● **WHAT TO PRODUCE**
Your answer must be the exact lines of the listing below that run from the line with "Mouse pad featuring" to the line with "Juan José Sánchez", ends included, and no pictures.

● **PROVIDED RECORDS**
═══

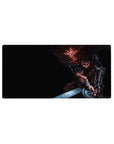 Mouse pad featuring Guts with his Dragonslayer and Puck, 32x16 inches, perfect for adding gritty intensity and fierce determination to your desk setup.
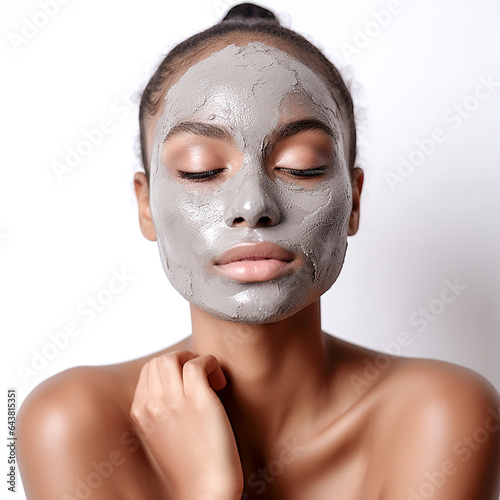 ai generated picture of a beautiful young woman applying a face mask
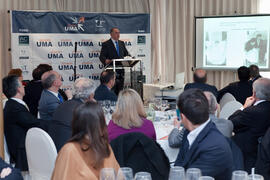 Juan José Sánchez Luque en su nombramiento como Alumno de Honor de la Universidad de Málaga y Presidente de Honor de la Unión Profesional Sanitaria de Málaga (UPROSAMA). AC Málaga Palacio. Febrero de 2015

═══

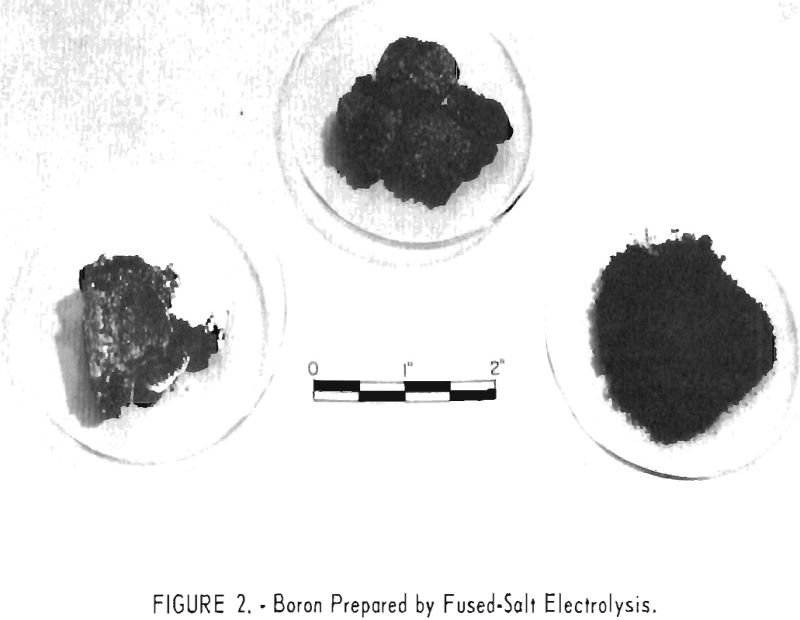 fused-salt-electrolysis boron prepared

═══

● **RESULT**
 Mouse pad featuring Guts with his Dragonslayer and Puck, 32x16 inches, perfect for adding gritty intensity and fierce determination to your desk setup.
 ai generated picture of a beautiful young woman applying a face mask
 Juan José Sánchez Luque en su nombramiento como Alumno de Honor de la Universidad de Málaga y Presidente de Honor de la Unión Profesional Sanitaria de Málaga (UPROSAMA). AC Málaga Palacio. Febrero de 2015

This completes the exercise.